United States Supreme Court

70 U.S. 145

Fennerstein's Champagne

ON a libel of information and seizure in the District Court for the Northern District of California, the question was whether certain champagne wines made at Rheims, in France, and invoiced for this country in October, 1863, had been knowingly invoiced below 'the actual market value of them at the time and place when and where manufactured,' at which actual value the statute requires that they should be valued. [1] Upon the trial, as appeared by the bill of exceptions, the claimants introduced testimony tending to show that champagne wines in the hands of the manufacturers in the champagne district of France, in a manufactured state, ready for consumption, have no fixed actual market value, and are not sold or dealt in at the place of production. To rebut this evidence and for the purpose of showing that such wines are held for sale at current rates and prices, at which they are freely offered and sold there, and also to show, among other things, the market value of the wines in question, the United States offered in evidence seven letters, dated on and between October 27, 1863, and May 12, 1864, from various persons, large dealers at Rheims, where, as already said, the wines were manufactured. One will exhibit the type of all:

'RHEIMS, 29th of April, 1864.

'MR. AMOS HILL, OF CALIFORNIA, Edwards's Hotel, Hanover Square, London.

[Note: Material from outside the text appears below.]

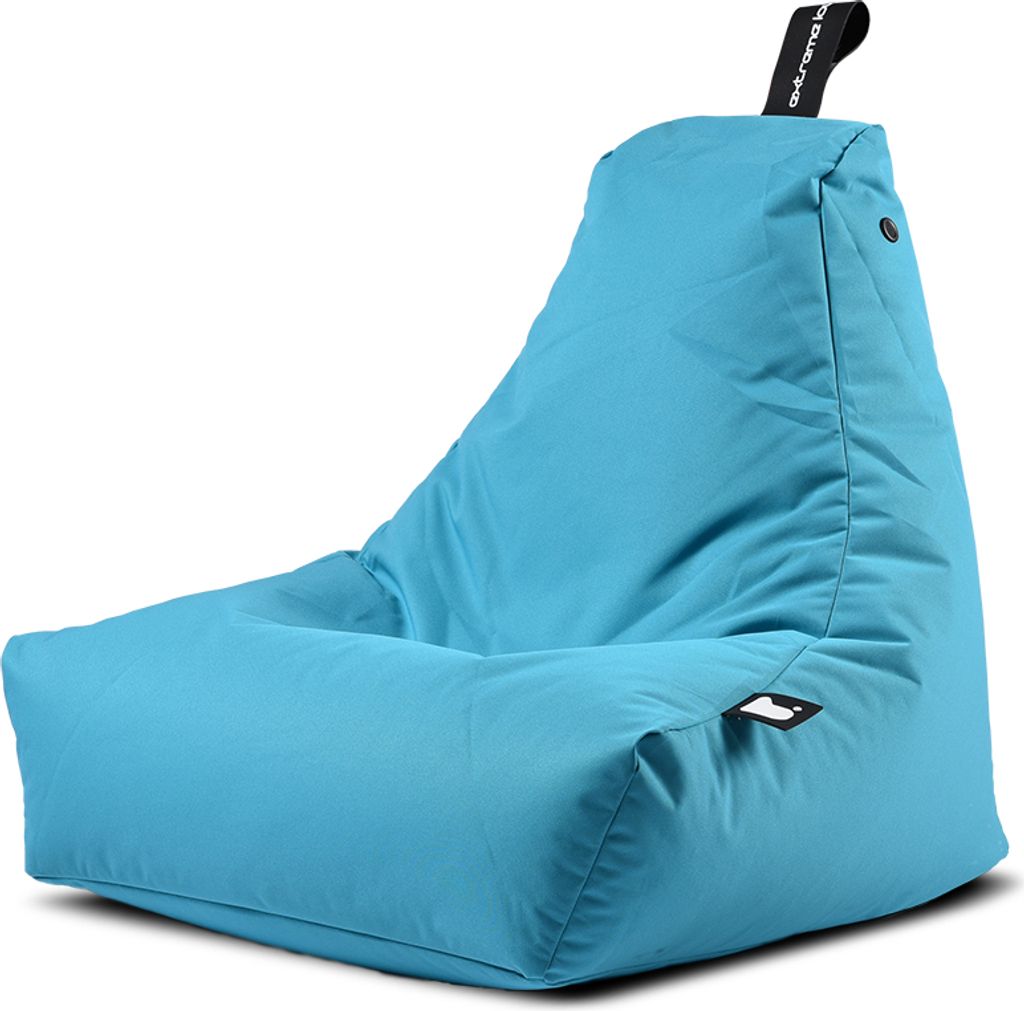 Extreme Lounging - b-bag mini-b - Sitzsack für Kinder - drinnen und draußen - uv- und wasserfest - Aqua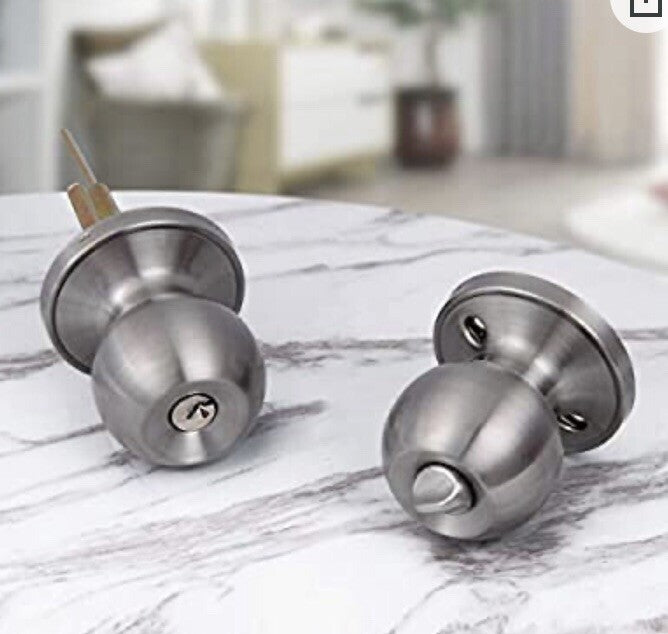 Probrico DL607SNET Keyed Alike Door Knobs Satin Nickel NEW IN BOX! FREE SHIPPING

'I received the letter which you have done me the honor to write to me, under date of Liverpool, 26th instant, and I hasten to answer it. I sell only one single quality of champagne wine, 'Qualit e Superieure,' Eugene Cliquot's brand. The price of this wine is four francs the bottle, and four and a quarter francs the two half-bottles, taken at Rheims, packing included; and I allow 3 per cent. discount for payment in cash. I know perfectly well the kinds of wine which suit the American taste. My brand is also very highly appreciated in New York and California. I have put the price at the lowest that I can sell wine, in consideration of the importance of your orders, and in the hope of establishing permanent relations with your respectable house.

'Accept, Monsieur, my hearty salutations.

'EUGENE CLIQUOT.'

To the introduction of these letters the claimant's counsel objected, assigning the same grounds which were assigned against the introduction of certain Prices-Current in the preceding case of Cliquot's Champagne, to wit: because they were immaterial and irrelevant; because they referred to champagne wines different in kind, quality, and price from those proceeded against in this action; because no actual sale or purchase had been or was proposed to be proved, based upon or connected with the letters offered; assigning also as ground additional that these letters were res inter alios acta, and that the letters in reply to which they were written were not produced.

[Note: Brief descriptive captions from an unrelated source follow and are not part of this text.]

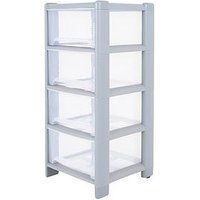 SMART SPACE STORAGE SHALLOW DRAWER PLASTIC CABINET UNIT HOME WORK PLACE USE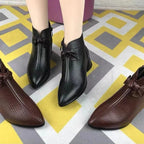 Fashion women's shoes made of genuine leather with high heels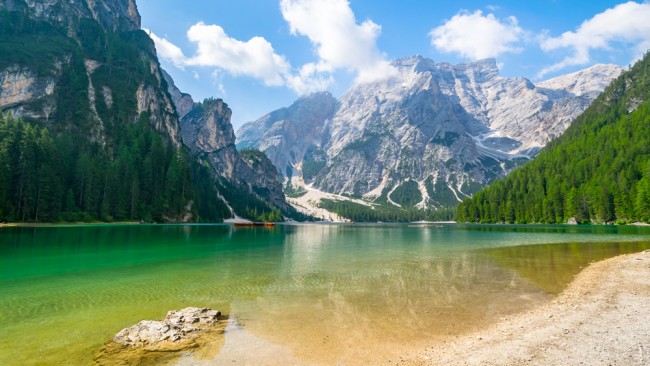 Mountain Lake Alps Wallpaper Wall Mural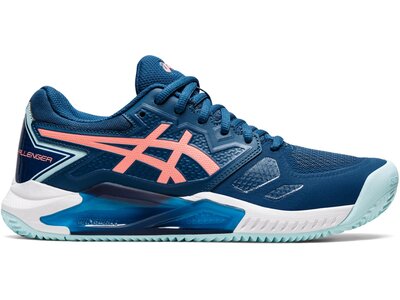 ASICS Damen Tennisoutdoorschuhe GEL-CHALLENGER 13 CLAY Blau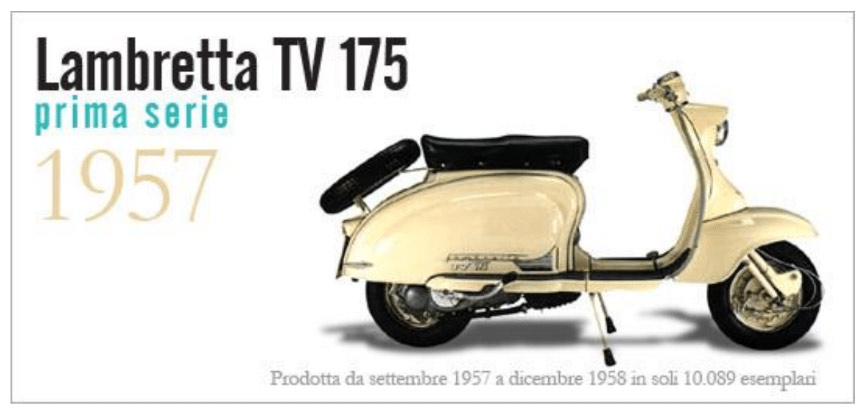 LAMBRETTA TV 175 PRIMA SERIE 1957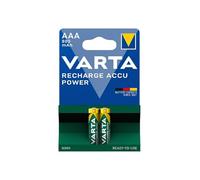 VARTA Pilas AAA, recargables, paquete de 2, Recharge Accu Phone, batería recargable, 800 mAh Ni-MH, listas para usar, aptas para teléfonos inalámbricos
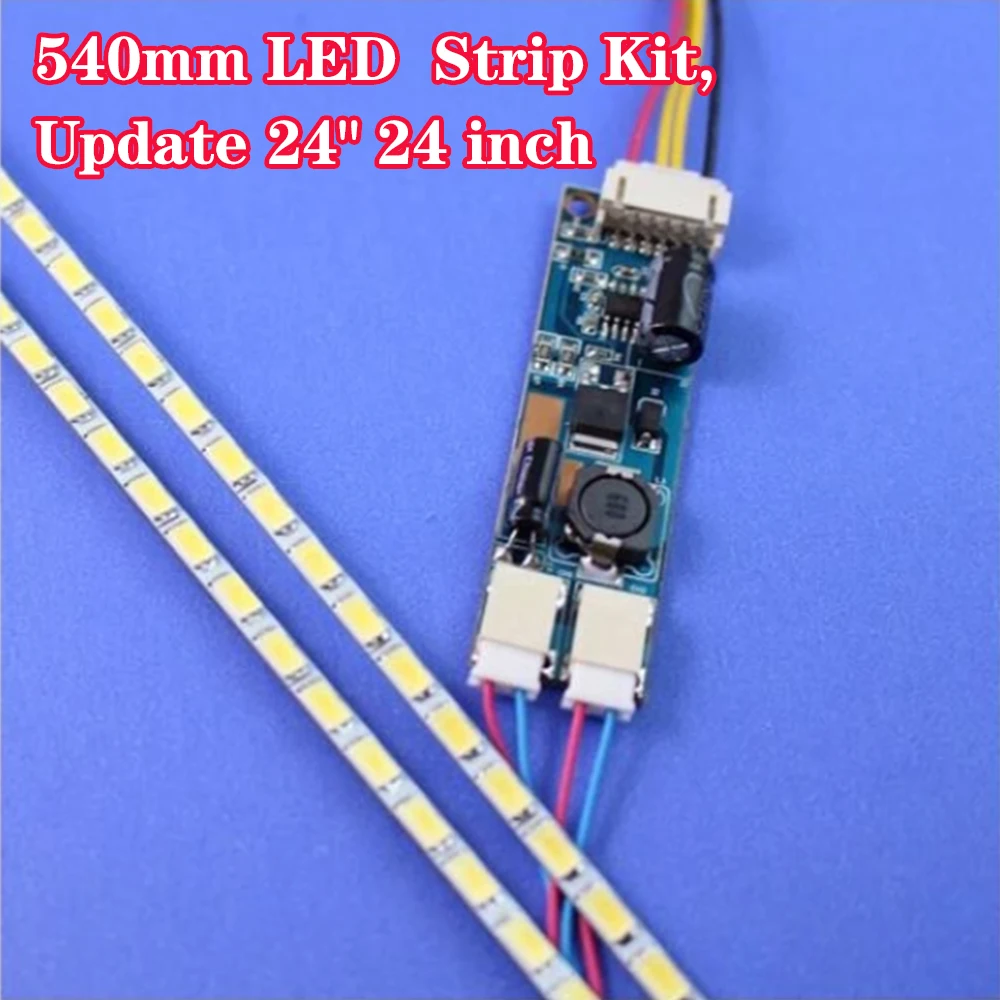 

Hot Sale 5PCS/LOT 540mm Adjustable brightness CCFL led backlight strip kit,Update 24inch lcd monitor to led bakclight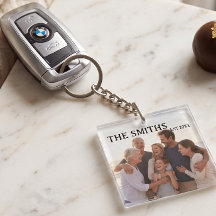 Anpassad familjefoto & namn i akryl
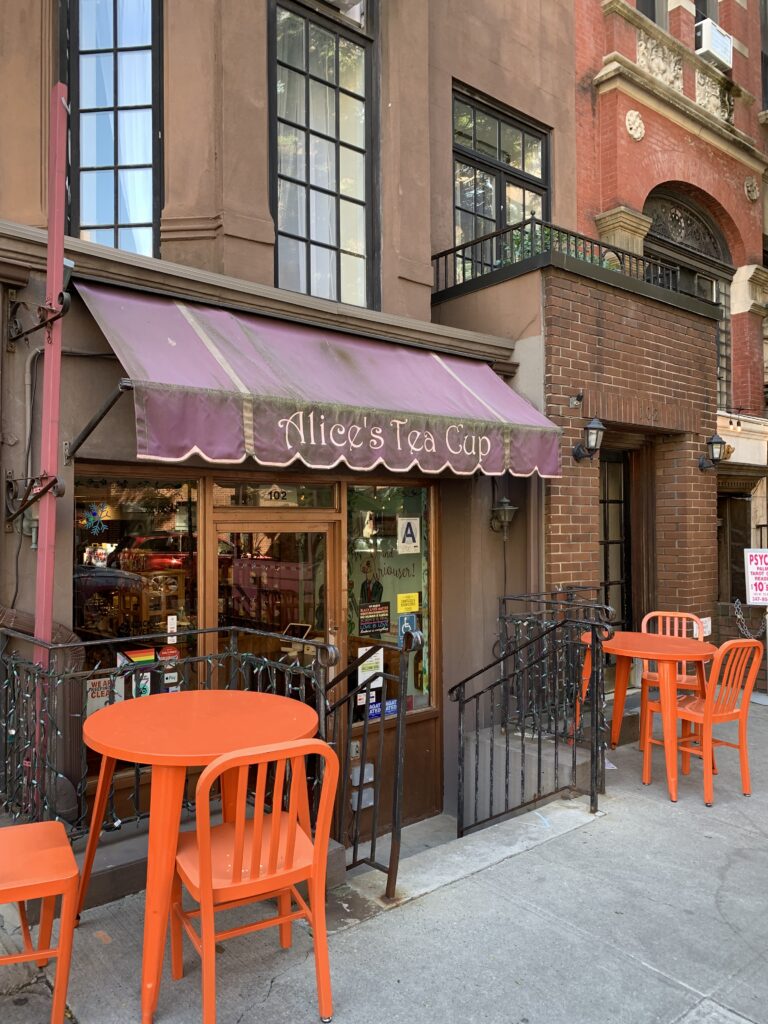 alice's tea cup in upper west side new york city; summer in new york city; afternoon tea recommendation; bakery new york city; sandwich and scone shop new york city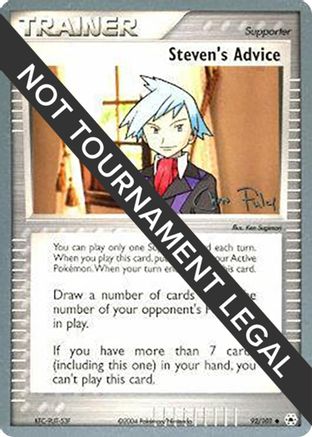 Steven's Advice - 2004 (Chris Fulop) 092 World Championship Decks - Uncommon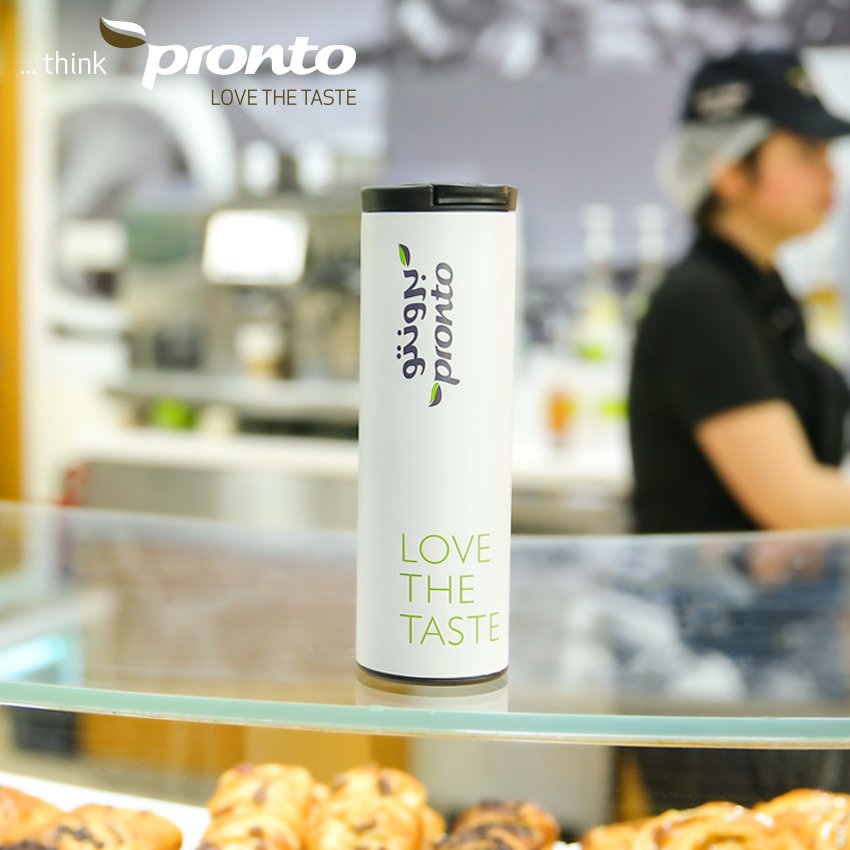 ProntoToGo's tweet photo. Buy a mug to make sure that your drinks are warm and get the first fill of coffee for FREE! #Dubai #UAE #ENOC https://t.co/swcUpY8ijf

The court below admitted the letters, and the government had judgment. On error here their admissibility was the point discussed.

Mr. D. B. Eaton, for the claimant: The theory of the law of evidence, on which these letters were received, would seem to have been this: that when the question is, whether there is a market price for an article, and what the same is at a specific time and in a given city, in a foreign country, the facts relative thereto may be proved by reading in evidence whatever any manufacturer of the article referred to has written on the subject at any time, within about a year of the date in question, to anybody else in any part of the world; and that this may be done when all the letters to which those read are responses, are withheld; when, for aught that appears, those letters were mere decoys, written to bring back a particular reply to be used in evidence; when no account is given of the persons to whom the letters offered in evidence purport to be addressed and when the name (Mr. Amos Hill, in this one case), may be a pseudonyme merely. Is this court ready to declare, in solemn decision, such a theory of evidence, a true one?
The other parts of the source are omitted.